Vector Stores

Purpose

Efficient similarity search over high-dimensional dense vectors for RAG and semantic search applications. Vector stores index embedding vectors such that nearest-neighbour queries (find the k most similar vectors to a query vector) can be answered in sub-linear time over millions or billions of vectors. They are the retrieval backbone of RAG systems, semantic search engines, recommendation systems, and duplicate detection pipelines.

Architecture

Indexing Algorithms

HNSW (Hierarchical Navigable Small Worlds) The dominant algorithm for approximate nearest-neighbour (ANN) search in most production vector stores.
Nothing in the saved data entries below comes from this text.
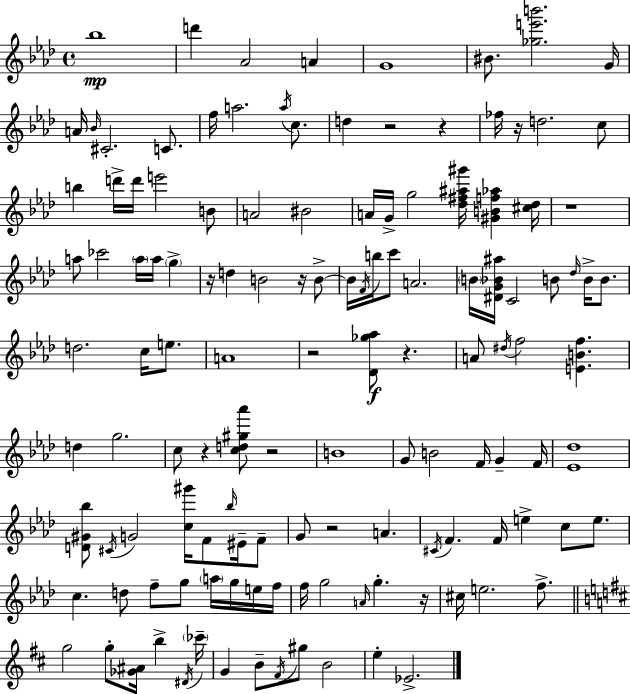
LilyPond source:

{
  \clef treble
  \time 4/4
  \defaultTimeSignature
  \key f \minor
  \repeat volta 2 { bes''1\mp | d'''4 aes'2 a'4 | g'1 | bis'8. <ges'' e''' b'''>2. g'16 | \break a'16 \grace { bes'16 } cis'2.-. c'8. | f''16 a''2. \acciaccatura { a''16 } c''8. | d''4 r2 r4 | fes''16 r16 d''2. | \break c''8 b''4 d'''16-> d'''16 e'''2 | b'8 a'2 bis'2 | a'16 g'16-> g''2 <des'' fis'' ais'' gis'''>16 <gis' b' f'' aes''>4 | <cis'' des''>16 r1 | \break a''8 ces'''2 \parenthesize a''16 a''16 \parenthesize g''4-> | r16 d''4 b'2 r16 | b'8->~~ b'16 \acciaccatura { f'16 } b''16 c'''8 a'2. | \parenthesize b'16 <dis' g' bes' ais''>16 c'2 b'8 \grace { des''16 } | \break b'16-> b'8. d''2. | c''16 e''8. a'1 | r2 <des' ges'' aes''>8\f r4. | a'8 \acciaccatura { dis''16 } f''2 <e' b' f''>4. | \break d''4 g''2. | c''8 r4 <c'' d'' gis'' aes'''>8 r2 | b'1 | g'8 b'2 f'16 | \break g'4-- f'16 <ees' des''>1 | <d' gis' bes''>8 \acciaccatura { cis'16 } g'2 | <c'' gis'''>16 f'8 \grace { bes''16 } eis'16-- f'8-- g'8 r2 | a'4. \acciaccatura { cis'16 } f'4. f'16 e''4-> | \break c''8 e''8. c''4. d''8 | f''8-- g''8 \parenthesize a''16 g''16 e''16 f''16 f''16 g''2 | \grace { a'16 } g''4.-. r16 cis''16 e''2. | f''8.-> \bar "||" \break \key d \major g''2 g''8-. <ges' ais'>16 b''4-> \acciaccatura { dis'16 } | \parenthesize ces'''16-- g'4 b'8-- \acciaccatura { fis'16 } gis''8 b'2 | e''4-. ees'2.-> | } \bar "|."
}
Builds a layered graph structure where each node connects to its nearest neighbours at multiple scales. At query time, graph traversal finds approximate nearest neighbours in O(log N) with high recall (typically 95–99% with default parameters). Memory-intensive: stores the full graph structure in RAM. Default in Chroma, Weaviate, Qdrant, and pgvector.

Key parameters:

  • M: number of bi-directional links per node (default 16). Higher = better recall, more memory.
  • ef_construction: size of the dynamic candidate list during build (default 200). Higher = better index quality, slower build.
  • ef_search: size of the candidate list at query time. Higher = better recall, slower query.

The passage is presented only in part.